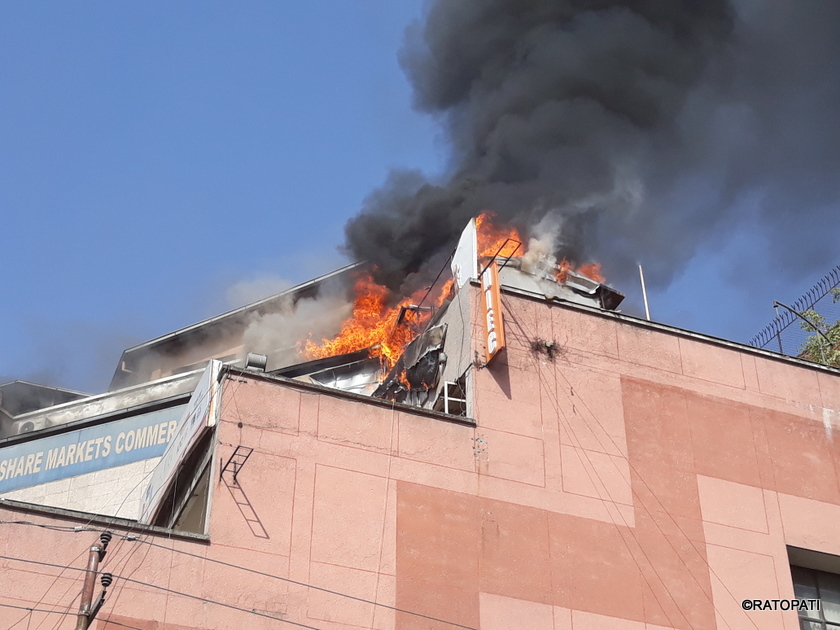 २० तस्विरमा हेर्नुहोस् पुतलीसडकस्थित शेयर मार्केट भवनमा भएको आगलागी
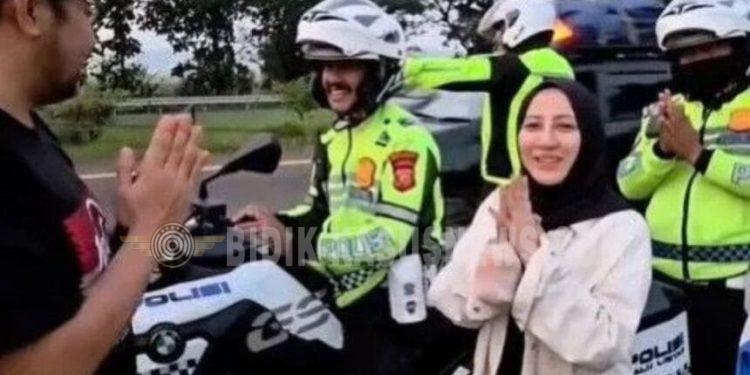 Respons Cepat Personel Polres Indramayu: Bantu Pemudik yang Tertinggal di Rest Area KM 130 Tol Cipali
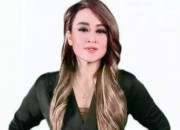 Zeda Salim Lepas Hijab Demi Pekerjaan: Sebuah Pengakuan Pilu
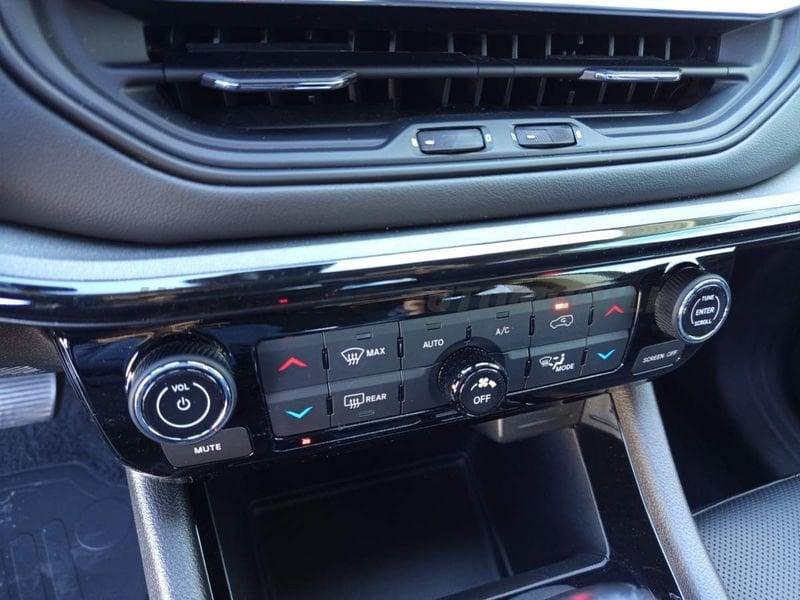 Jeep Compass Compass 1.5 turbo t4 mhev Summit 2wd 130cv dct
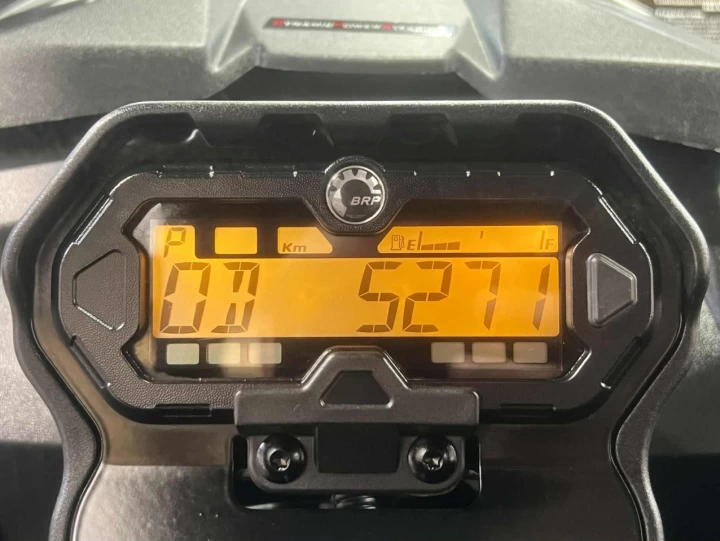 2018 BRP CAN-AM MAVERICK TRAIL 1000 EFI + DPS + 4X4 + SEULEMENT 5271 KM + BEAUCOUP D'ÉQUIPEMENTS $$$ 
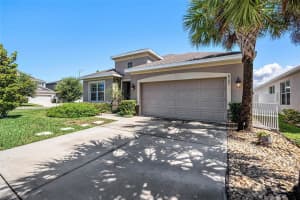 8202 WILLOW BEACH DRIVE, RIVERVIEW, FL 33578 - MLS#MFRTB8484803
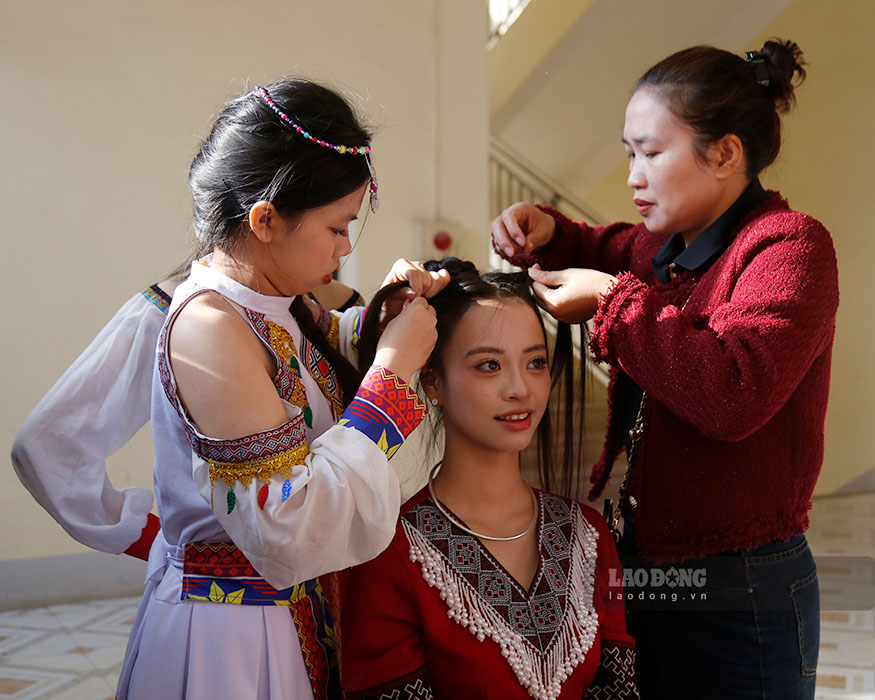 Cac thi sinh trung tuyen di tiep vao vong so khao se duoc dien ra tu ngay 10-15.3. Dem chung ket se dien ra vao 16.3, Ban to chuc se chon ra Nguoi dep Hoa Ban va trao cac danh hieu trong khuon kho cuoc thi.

(What to work on): A verbatim copy of every entry is wanted; the pictures stay out of it.

(Exercise solution):
 २० तस्विरमा हेर्नुहोस् पुतलीसडकस्थित शेयर मार्केट भवनमा भएको आगलागी
 Respons Cepat Personel Polres Indramayu: Bantu Pemudik yang Tertinggal di Rest Area KM 130 Tol Cipali
 Zeda Salim Lepas Hijab Demi Pekerjaan: Sebuah Pengakuan Pilu
 Jeep Compass Compass 1.5 turbo t4 mhev Summit 2wd 130cv dct
 2018 BRP CAN-AM MAVERICK TRAIL 1000 EFI + DPS + 4X4 + SEULEMENT 5271 KM + BEAUCOUP D'ÉQUIPEMENTS $$$ 
 8202 WILLOW BEACH DRIVE, RIVERVIEW, FL 33578 - MLS#MFRTB8484803
 Cac thi sinh trung tuyen di tiep vao vong so khao se duoc dien ra tu ngay 10-15.3. Dem chung ket se dien ra vao 16.3, Ban to chuc se chon ra Nguoi dep Hoa Ban va trao cac danh hieu trong khuon kho cuoc thi.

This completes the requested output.